I got wind of this yesterday from a Goons Gear mailout and immediately bought the eBook.

Huge disappointment followed. Clocking in at 130 pages (about 40k words) this is not an in depth polemic from Starr. The thing that really grates is the writing style or complete lack of it as this book appears to be a transcript from a podcast Starr did once. Let’s see what the PR team wrote:
The rap group Onyx started in the early 90s. Fredro Starr, Big DS, Suave and B Wiz.
B Wiz gets murdered over a drug deal gone wrong, Onyx meets Jam Master Jay and Sticky Fingaz joins the group. Onyx signs to Jam Master Jay/ Def Jam Records and introduces Slam Dancing to Hip Hop with their hit single “Slam”.
Onyx sells millions of records, national tour with Snoop and merchandizing deals.

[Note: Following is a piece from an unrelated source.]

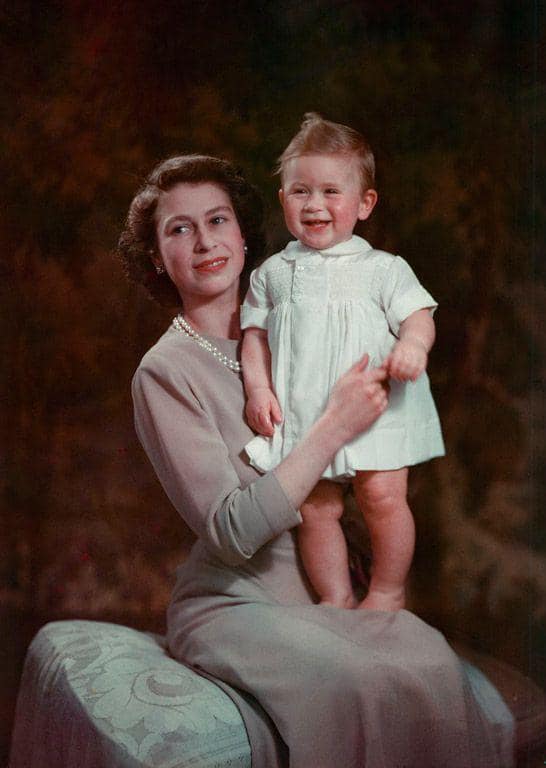 Carlos de Inglaterra celebra o primeiro Dia da Mãe sem Isabel II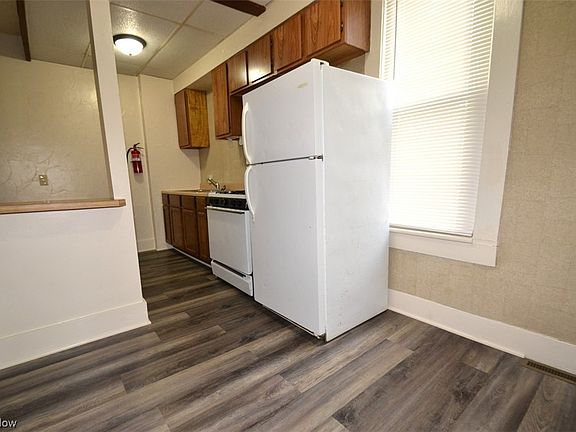 2nd image of 450 Allyn St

Now with money and fame, Fredro Starr’s relationship with long time girlfriend comes to an end, Sticky Fingaz starts a relationship with a Def Jam executive, Suave’s brother gets 75 years in prison and Big DS leaves the group. Onyx gets into beef with rival Rap Crew. With the odds against them Onyx wins a Soul Train Award for Best Rap Album in 1994 “BACDAFUCUP”.
I got this about 5.30pm and I’d finished it a couple of hours later, so the first issue I have as a Onyx fan is the blatant profiteering. At most this is a £1.99 book by any measure, 130 pages for £7.99 shows it must be time to get rich by rinsing your fanbase. And thats before we get to the content. There isn’t a story, I can’t imagine an editor was involved in the writing process – judging from the final product. There are typo’s galore. There is no narrative that runs through the 130 pages, it’s very much “I did this, then Big DS drank a 40” but worse.
At one point it is rattling through the song writing process for their debut LP, it feels fast and he says they are spitting out a track a day. And then he says the album took a year to finish. So er what? The album does not have 365 tracks on it.. Stuff like that is peppered throughout. As a reader I found it hard to follow and hard to figure out.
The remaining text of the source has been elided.